Greetings @haniyakonain , I am interested to work on the issue. Can you please assign this me. ThankYou
Thanks for the interest! @arnavsharma990 and @DhanashreePetare feel free to coordinate on this. @arnavsharma990 approach of accepting both 'Предлошка:' and 'Шаблон:' for mk with proper logging sounds good. Looking forward to seeing a PR from whoever gets to it first!
Hello @haniyakonain. I have followed following approach for solving the issue:
- Query ALL valid template prefixes from the Namespaces configuration
- Match templates against ANY valid prefix instead of just one
- Apply the same logic to redirect processing
This prevents the Macedonian crashes (‘Предлошка:’/‘Шаблон:’) and stays compatible for languages with a single prefix. Requesting a review for the same. Please let me know about any further changes needed. ThankYou.

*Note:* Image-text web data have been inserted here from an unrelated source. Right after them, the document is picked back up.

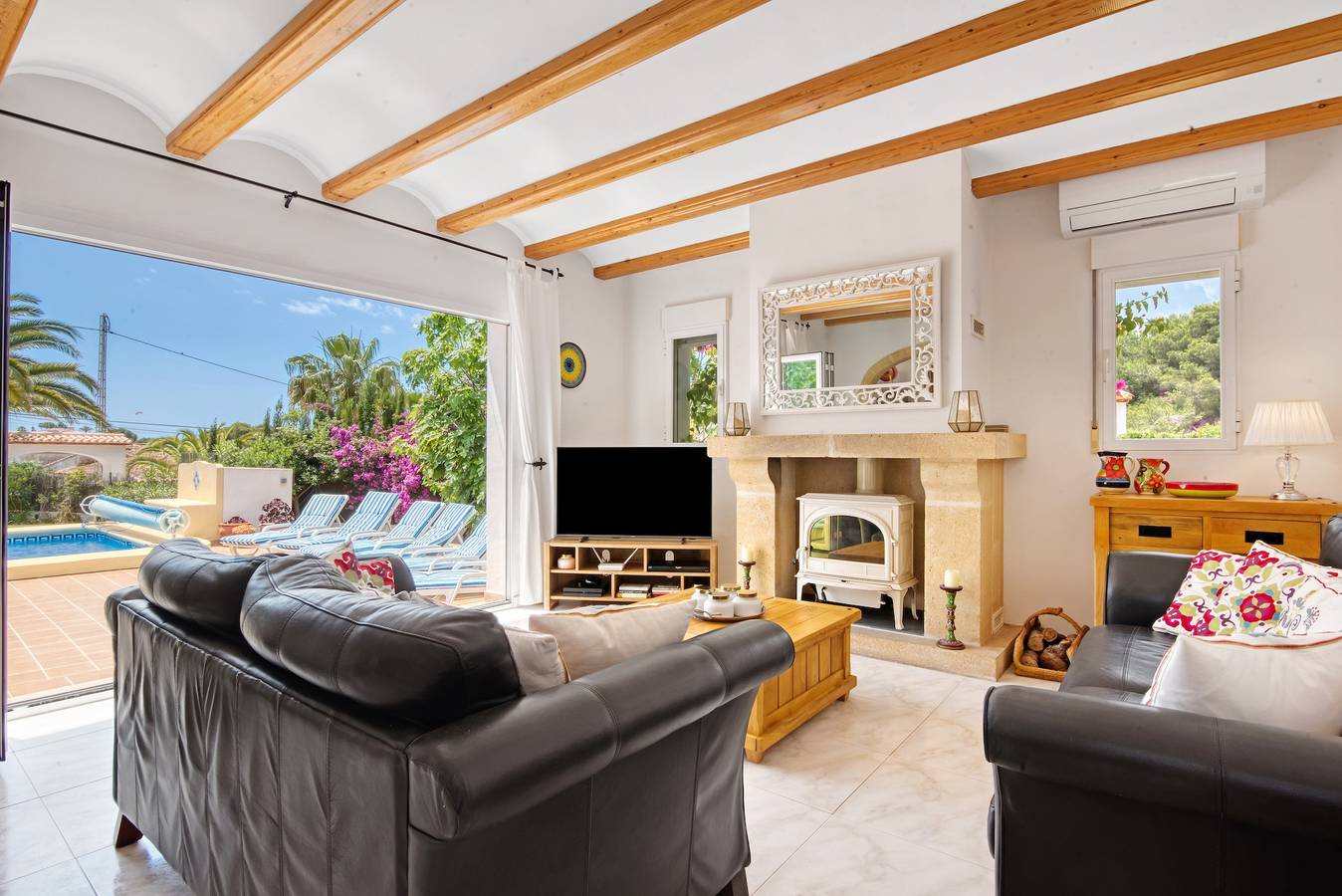 Villa 'Margarite' with Private Pool, Wi-Fi and Air Conditioning in Granadella, Jávea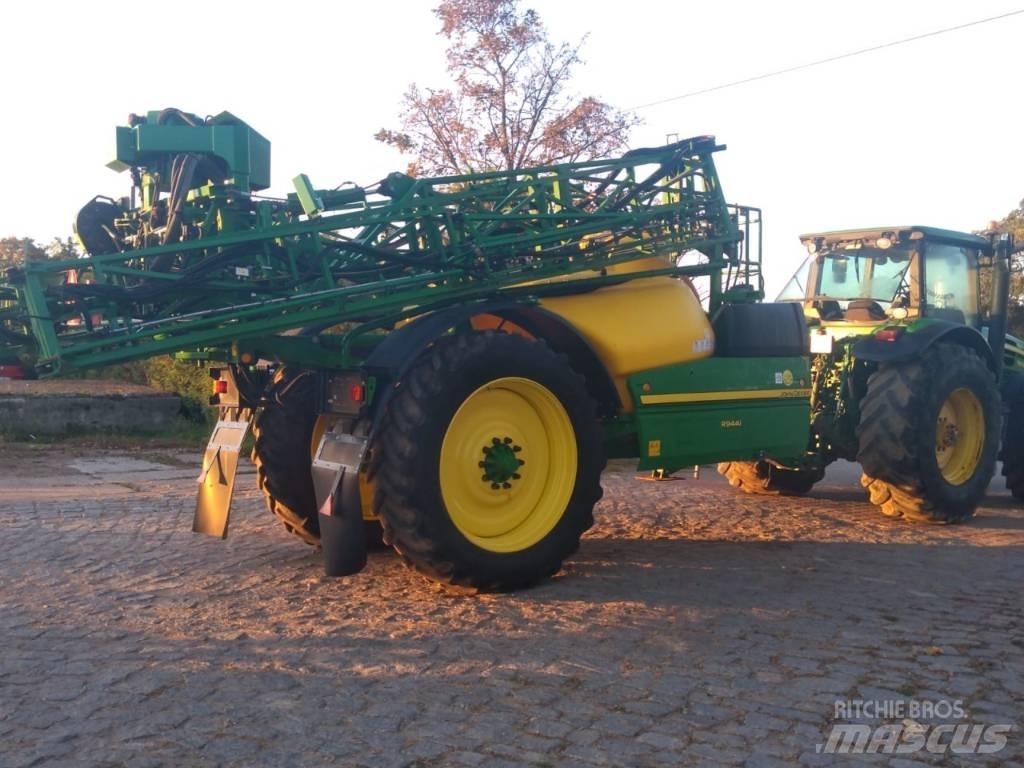 John Deere R944i 牽引式噴霧機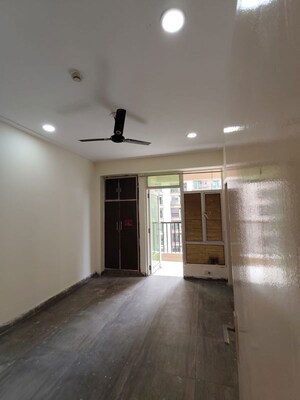 Room in 4 BHK Apartment at Amrapali Eden Park, Sector 50 – for Sale
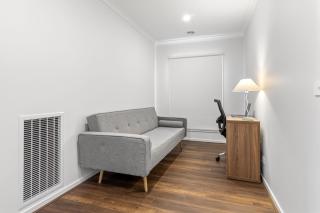 Chic New BBQ Bright Aircon WiFi Laundry Airport - 7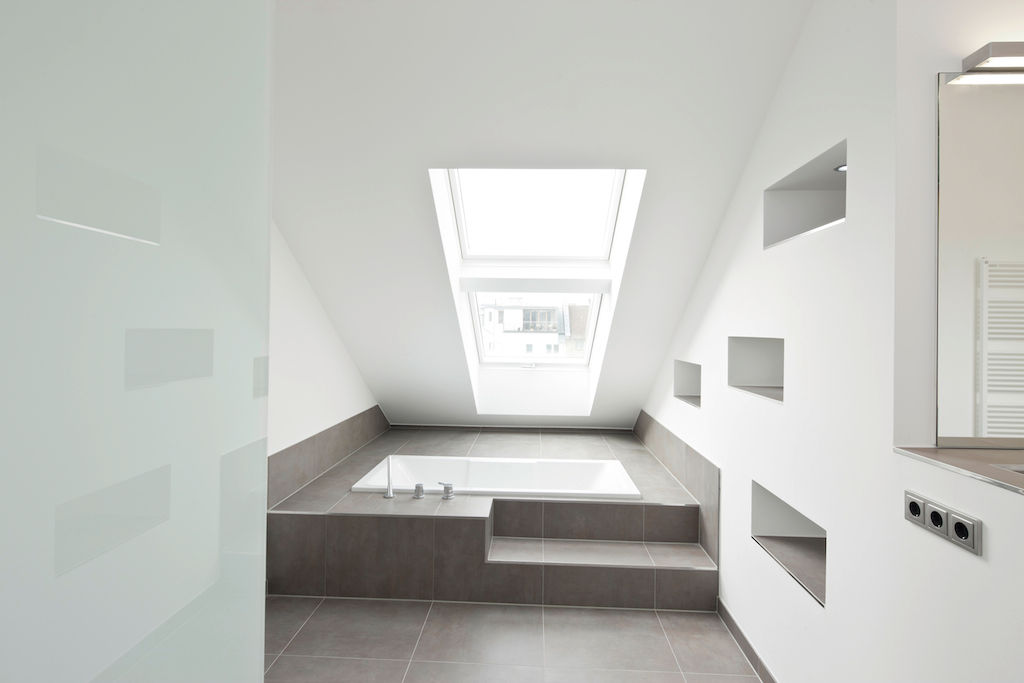 Haus +2W , in_design architektur in_design architektur Salle de bain classique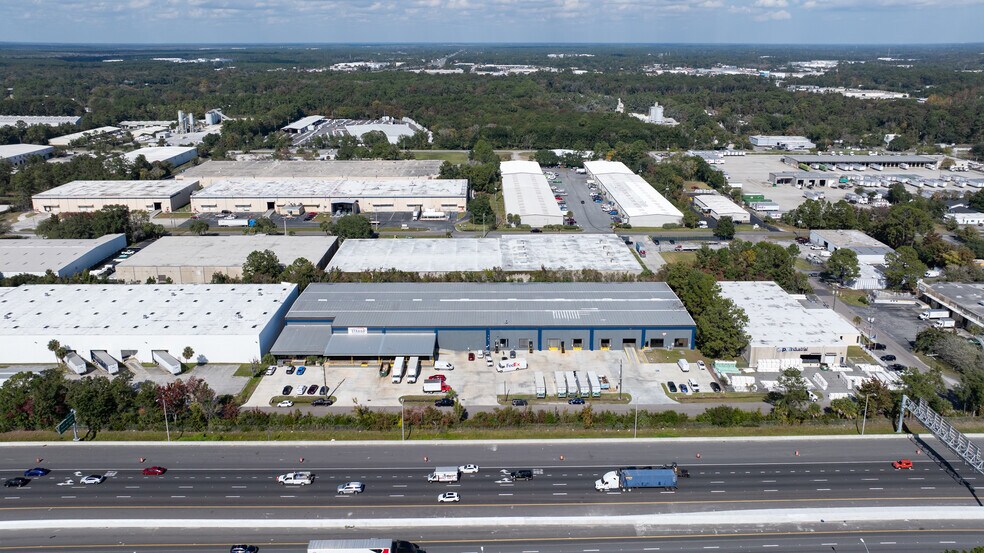 More Photos Of 6805 Stuart Ln S, Jacksonville Warehouse For Lease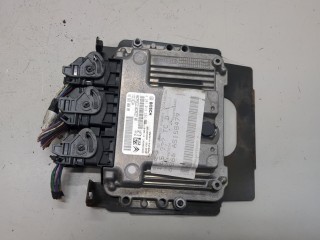 Блок управления двигателем, ориг. номер 0281013334, Peugeot 5008 2009-2013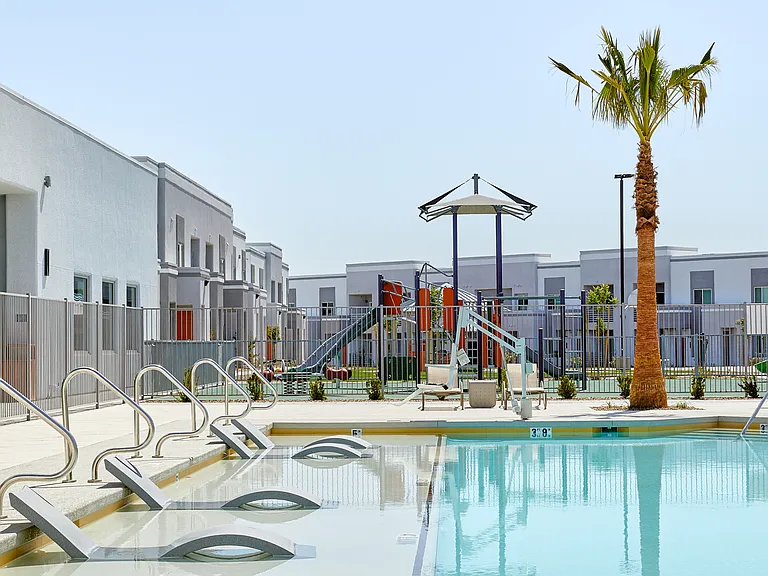 Showboat Park Apartments — Photo 30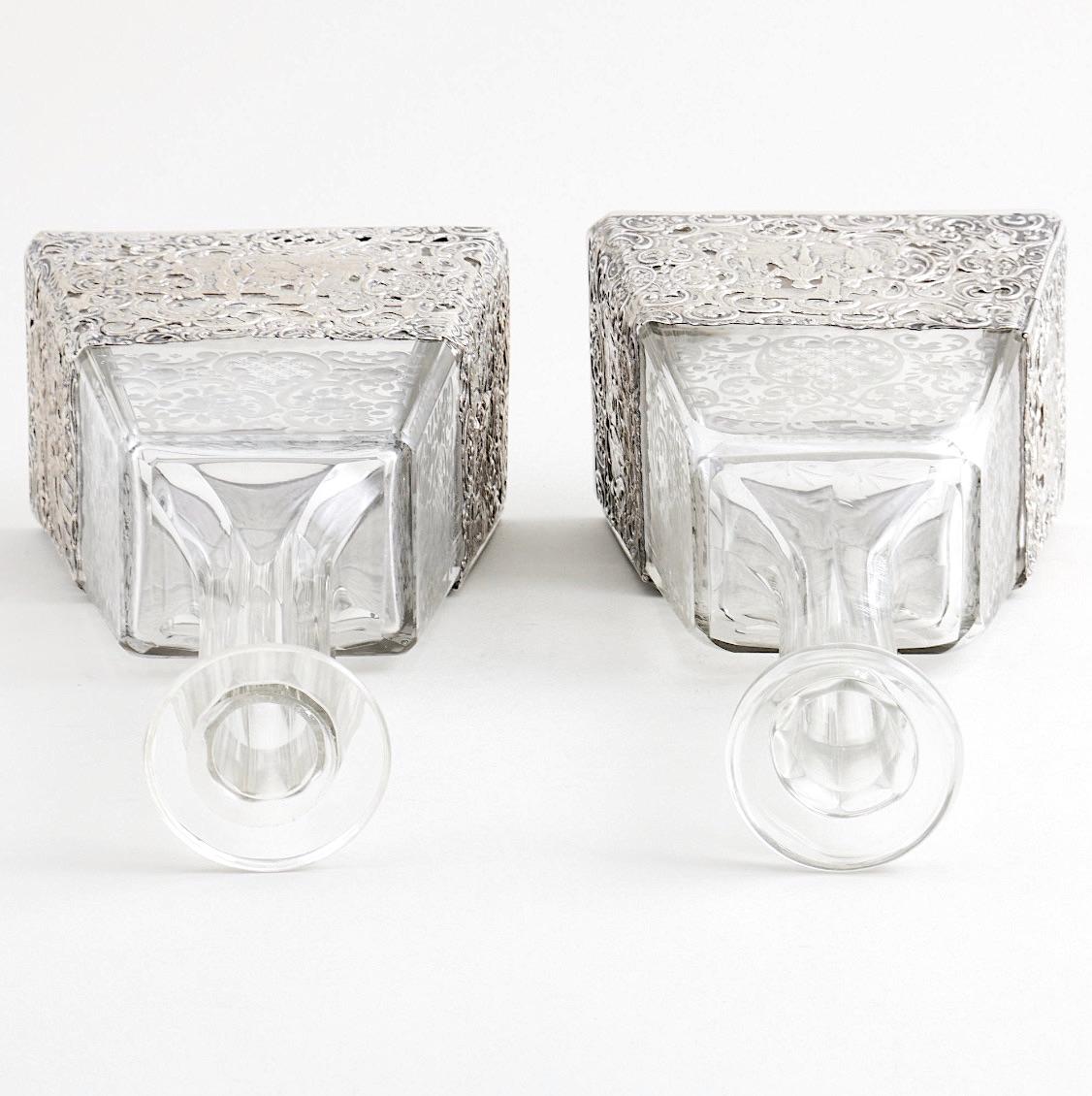 Antiguo decantador alemán de bar de plata sobredorada y cristal grabado en Bueno estado para la venta en Tarry Town, NY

Hi @DhanashreePetare, Thanks for working on this! I noticed the PR includes many unintended file deletions (1,900+ files). Could you please update it to include only the changes to MappingStatsHolder.scala? Thanks!
Thank you for the feedback! I tried working on the same. I got those deleted files pulled into my work and my first PR were with those..in 2nd PR i just committed 1 changed file on a clean branch..but still when I am trying to resolve conflicts..I'm encountering file path conflicts due to Windows limitations with some test files (colons in filenames like Lexeme:L11/wiki.xml.bz2).
My actual fix is very clean - just the changes to MappingStatsHolder.scala. Is there any way out of this..Would you be able to cherry-pick commit cd3c26b03 from the fix/issue-804-clean branch? That contains only the fix without any other changes.
Or if you can suggest me some fix to this..it would be great.
@DhanashreePetare, thanks for working on this.
The Windows path limitation with : filenames is causing the conflicts, and you’ll need to resolve that on your side (e.g. via WSL/Linux or a clean branch with only the intended change).
For now, I’m merging a temporary fix to prevent the mk crash so the server stays operational. Proper mk namespace handling (Предлошка: / Шаблон:) is still needed, and I’ll be happy to review a clean PR for that later.
@haniyakonain and @jimkont..I will resolve the deleted files issue by using WSL..and submit a PR with the changes shortly.